- _Your goal_: Lines from the one containing "Solid Color Christmas" through the final line of the records below are needed, copied exactly, with no pictures.

- _Available data_:
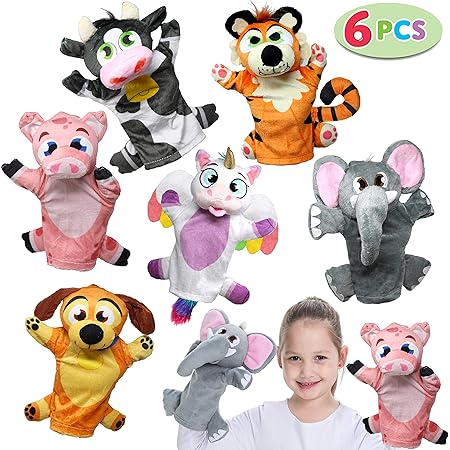 Joyin Ensemble De 6 Marionnettes A La Main Ami Animal Deluxe Pour Jeux Imaginatifs Stocking Fournitures De Fete D Anniversaire Filles Garcons Enfants Et Tout Petits Amazon Fr Jeux Et Jouets
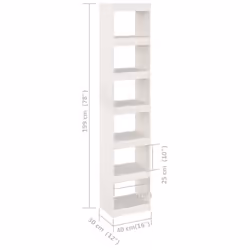 vidaXL Book Cabinet/Room Divider Storage Book Rack Bookshelf Solid Wood Pine - white, 40 x 30 x 199 cm - Additional view 8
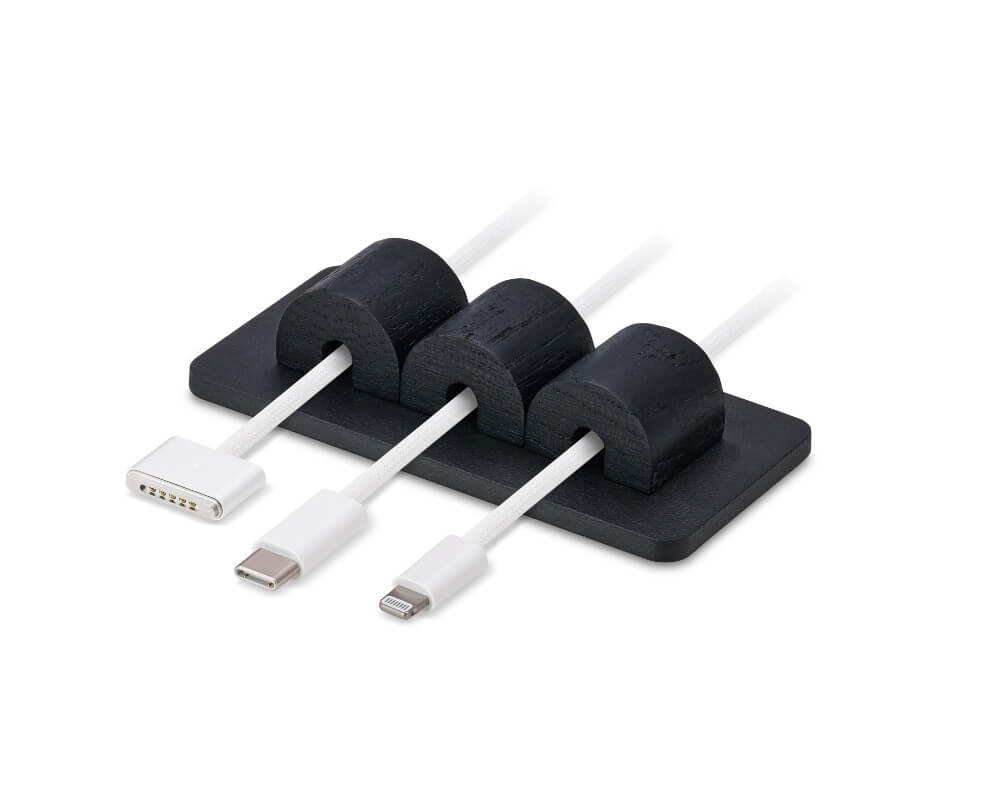 oakywood magnetic cable holder black black wooden amsterdam 1910blkblk 2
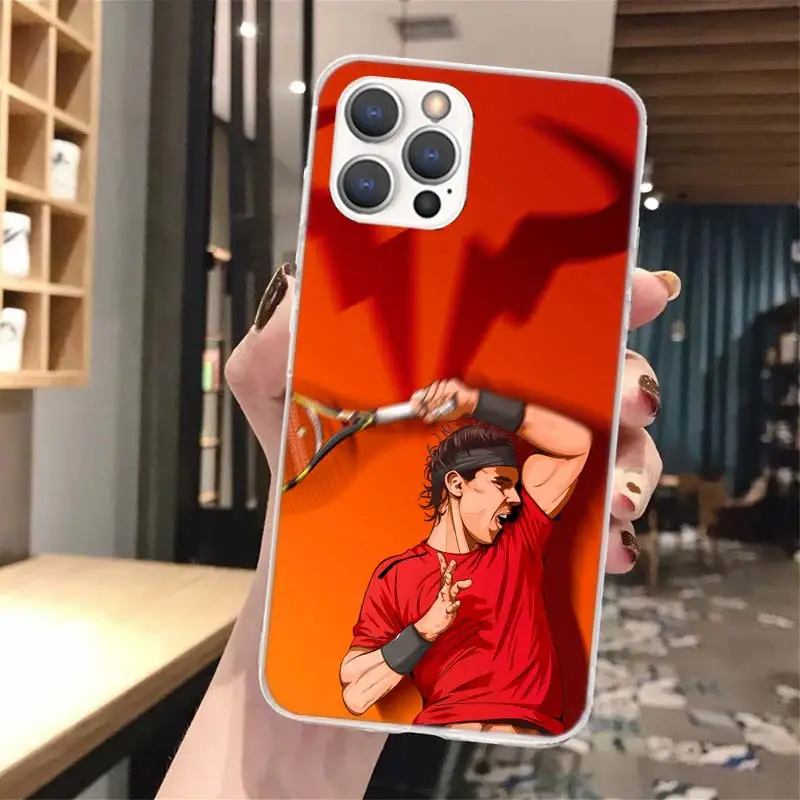 Rafael Nadal Tennis Soft Phone Case For iPhone 14 13 12 Mini 11 Pro Max 15 + X XR XS 7 Plus 8 6S 5S SE 2020 Pattern Cover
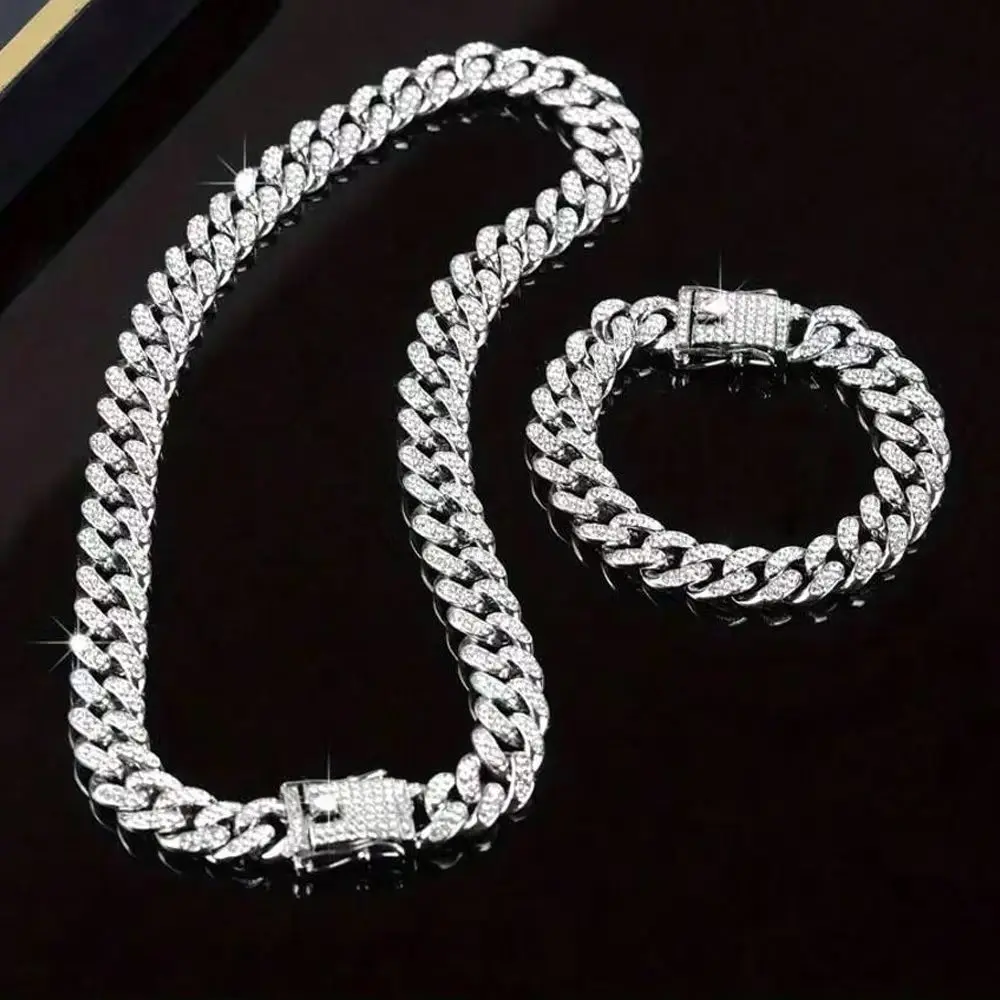 13mm Iced Out Cuban Chain & Link Jewelry Set - Men's Diamond Cut Hip Hop Bling, High Polish Finish, Geometric Metal Coating, Unisex Daily Wear for Anniversary, Birthday, Christmas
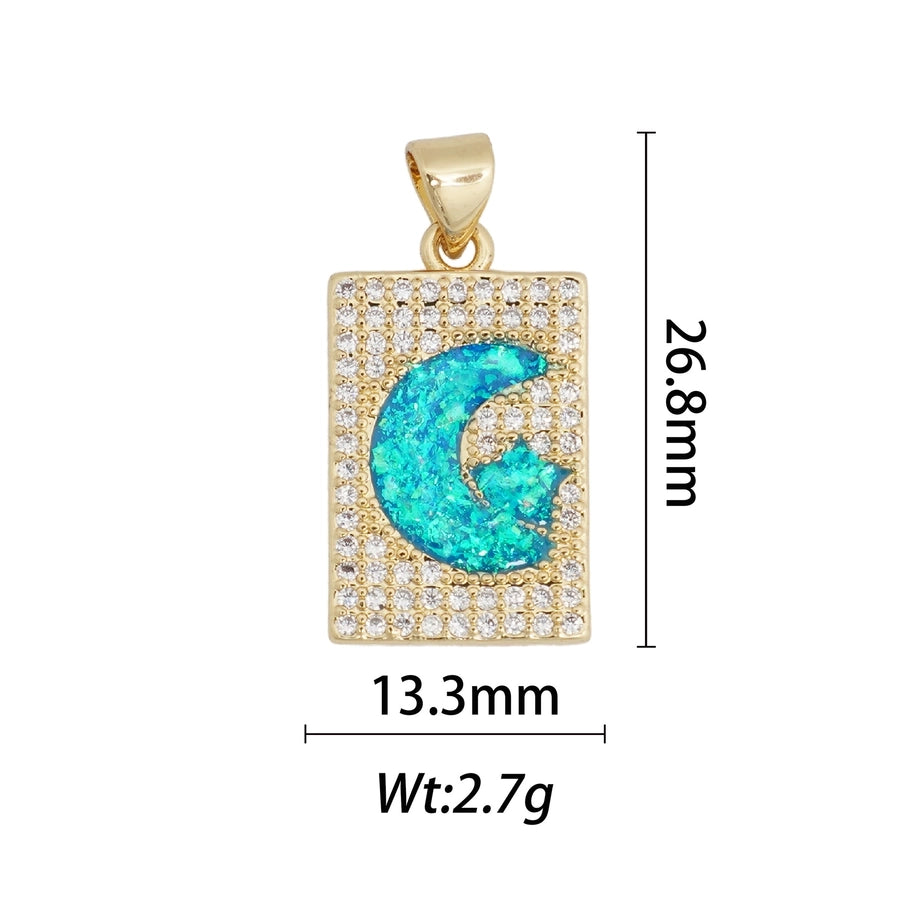 1 Piece Copper Moon Heart Shape Rose Pendant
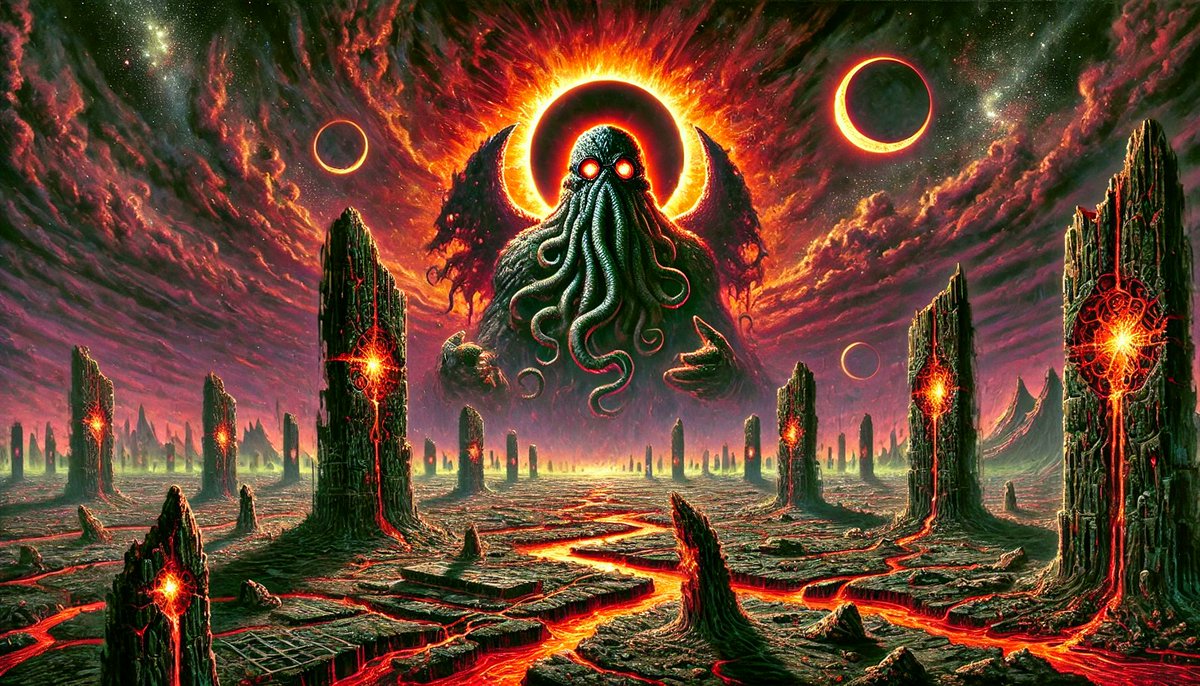 Aliskar48's tweet image. The eclipse marks the end. The earth bleeds. The ancient one ascends. 🔥🌑🔱

Bow… or burn. #EldritchHorror #ApocalypseUnleashed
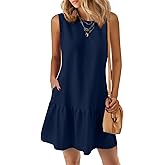 PRETTYGARDEN Casual Short Summer Dresses for Women 2025 Sleeveless Crewneck Cute Ruffle Loose Vacation Mini Tshirt Dress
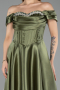 Abendkleid Lang Satin Khaki ABU5530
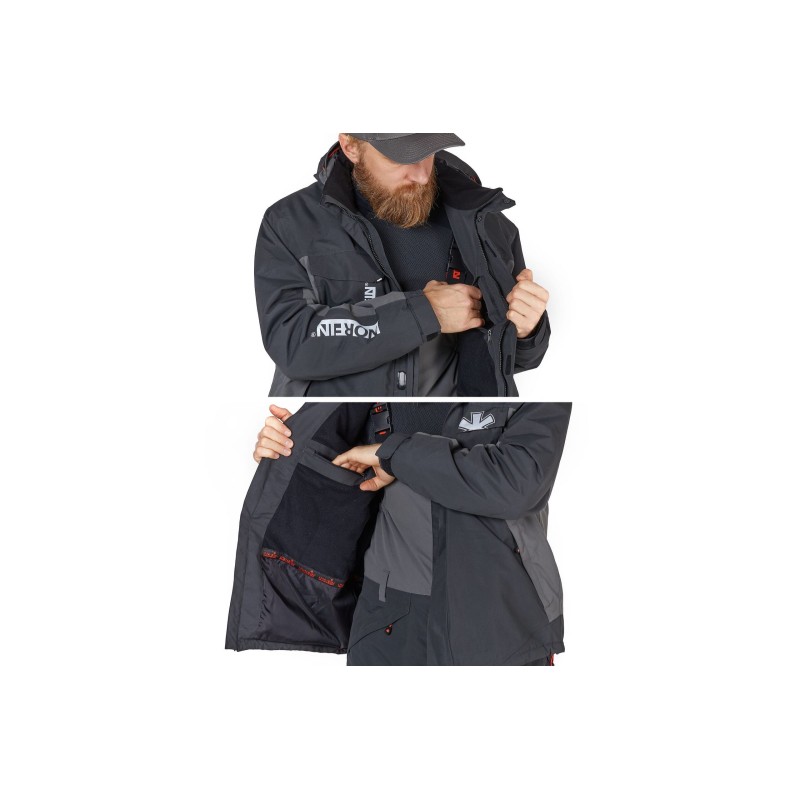 Костюм мужской Norfin Boat 06, тканьNortex Breathable, размер 64-66 (XXXL), 176-178 см, черный/серый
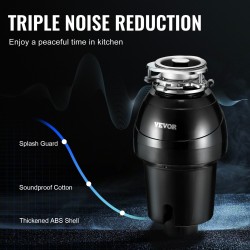 Ruokajätemurskain 1,25 hv tasavirtamoottori 4060 kierrosta minuutissa jatkuvasyötteinen ABS-kotelo ruostumaton teräs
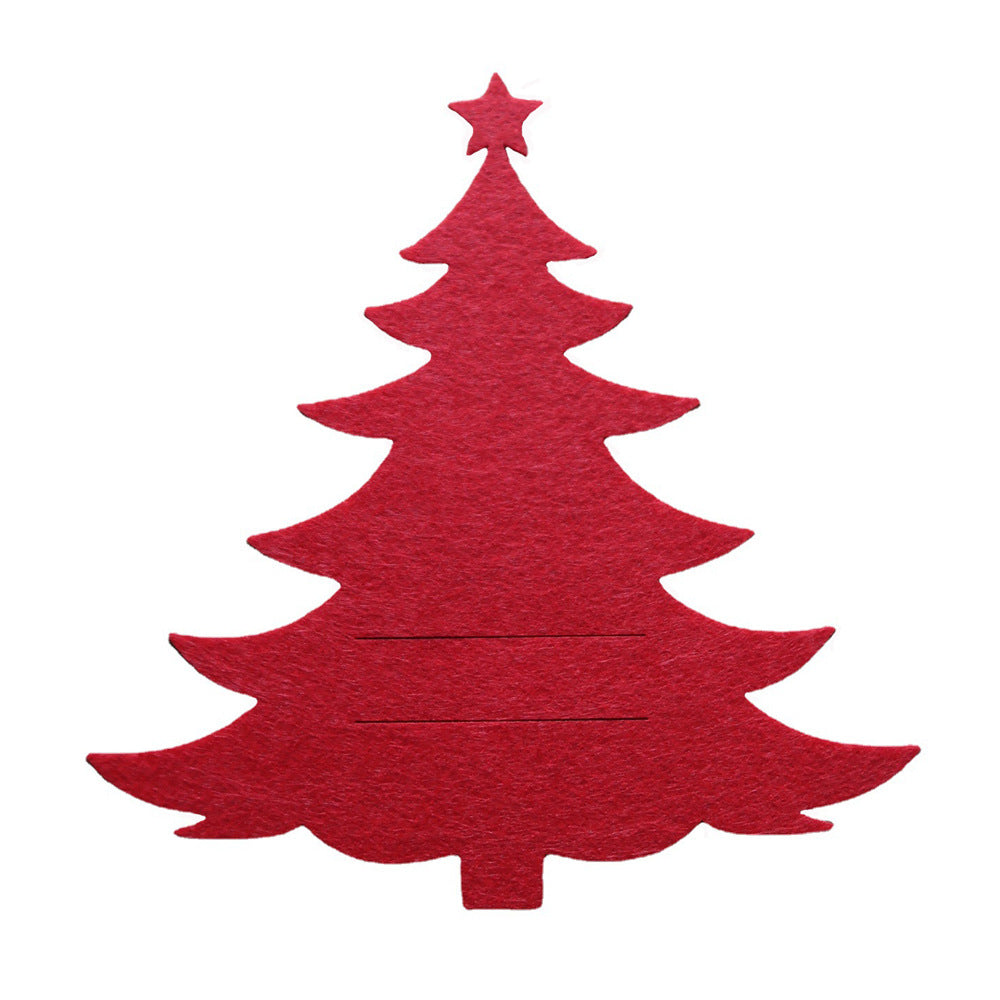 Solid Color Christmas Tree Cutlery Bag Cutlery Cover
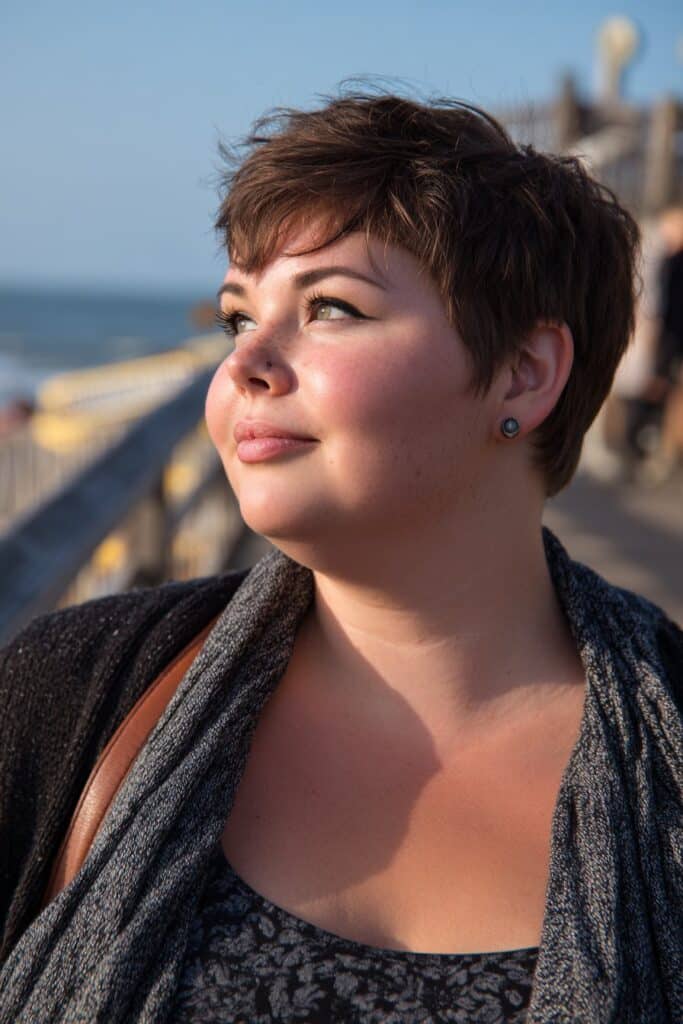 asymmetrical pixie with long sweeping fringe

- _Solution for this problem_:
 Solid Color Christmas Tree Cutlery Bag Cutlery Cover
 asymmetrical pixie with long sweeping fringe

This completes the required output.